For example, in generative adversarial network, we often hear that inference is easy because the conditional distribution of x given latent variable z is ‘tractable’. Also, I read somewhere that Boltzmann machine and variational autoencoder is used where the posterior distribution is not tractable so some sort of approximation need to be applied. Could anyone tell me what ‘tractable’ means, in a rigorous definition? Or could anyone explain in any of the examples I gave above, what tractable exactly means in that context?
To my best memory, I’ve never come across a formal definition for this in a statistical text, but I think you can stitch one together from a few contextual readings. Start with Bayesian Data Analysis, p. 261:
Bayesian computation revolves around two steps: computation of the posterior distribution, p(θ|y), and computation of the posterior predictive distribution, p(ˆy|y). So far we have considered examples where these could computed analytically in closed form[.]
The obstacle is generally the marginal likelihood, the denominator on the right-hand side of Bayes’ rule, which could involve an integral that cannot be analytically expressed.
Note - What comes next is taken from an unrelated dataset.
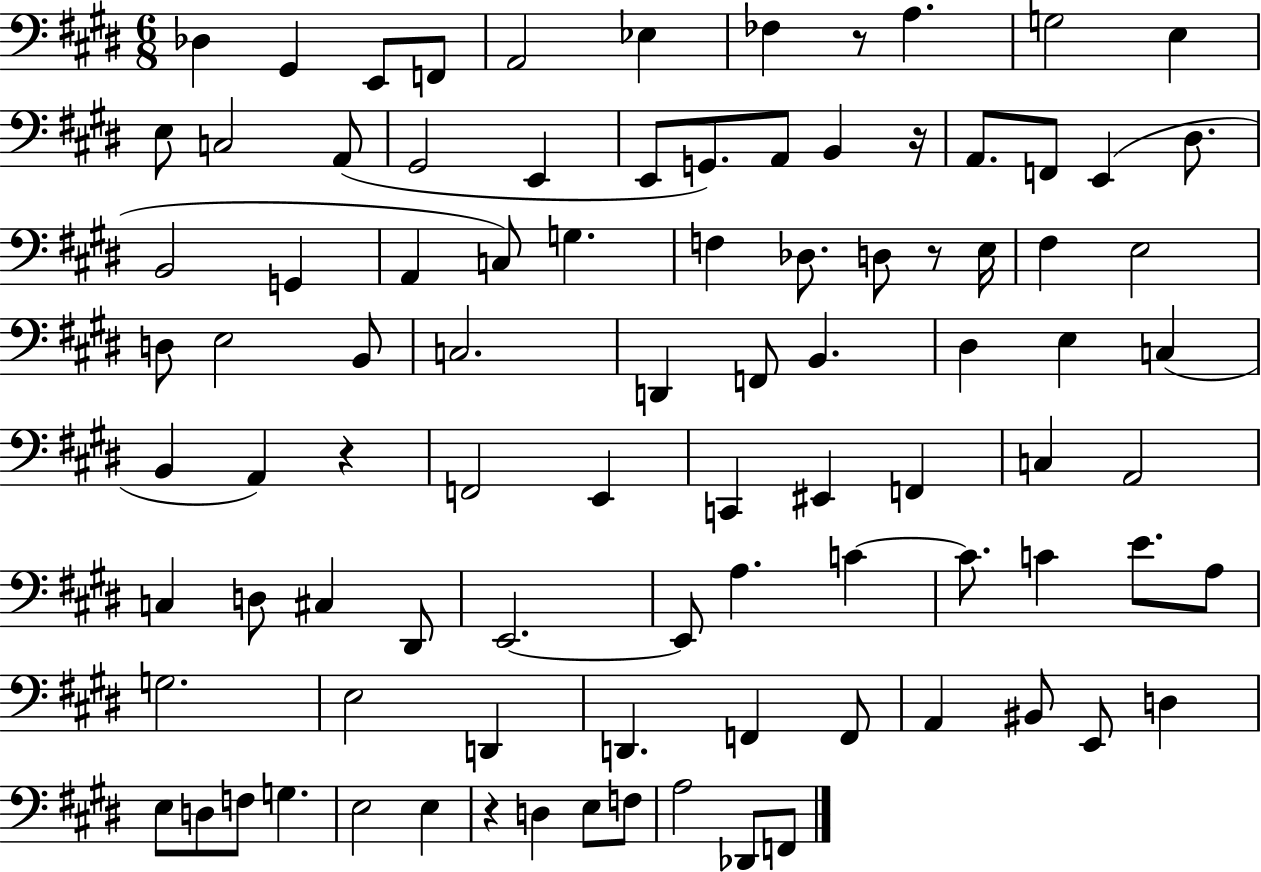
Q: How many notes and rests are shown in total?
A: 92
For a more I think you’ll find wiki’s article on closed-form expression helpful for context (emphasis mine):
In mathematics, a closed-form expression is a mathematical expression that can be evaluated in a finite number of operations. It may contain constants, variables, certain “well-known” operations (e.g., + − × ÷), and functions (e.g., nth root, exponent, logarithm, trigonometric functions, and inverse hyperbolic functions), but usually no limit. The set of operations and functions admitted in a closed-form expression may vary with author and context.
Problems are said to be tractable if they can be solved in terms of a closed-form expression.
If you read on, you’ll see a table of classes of expressions, and “Analytic expressions” includes several involved in the normalizing constants of exponential family distributions. E.g., the gamma function in the gamma distribution, and the Bessel function in the von-Mises Fisher.
Meaning, we’re willing to admit at least these into our definition of “tractability.” (There may be other distributions that involve the classes of operations classified as “analytic expressions”; I confess I’m not familiar.)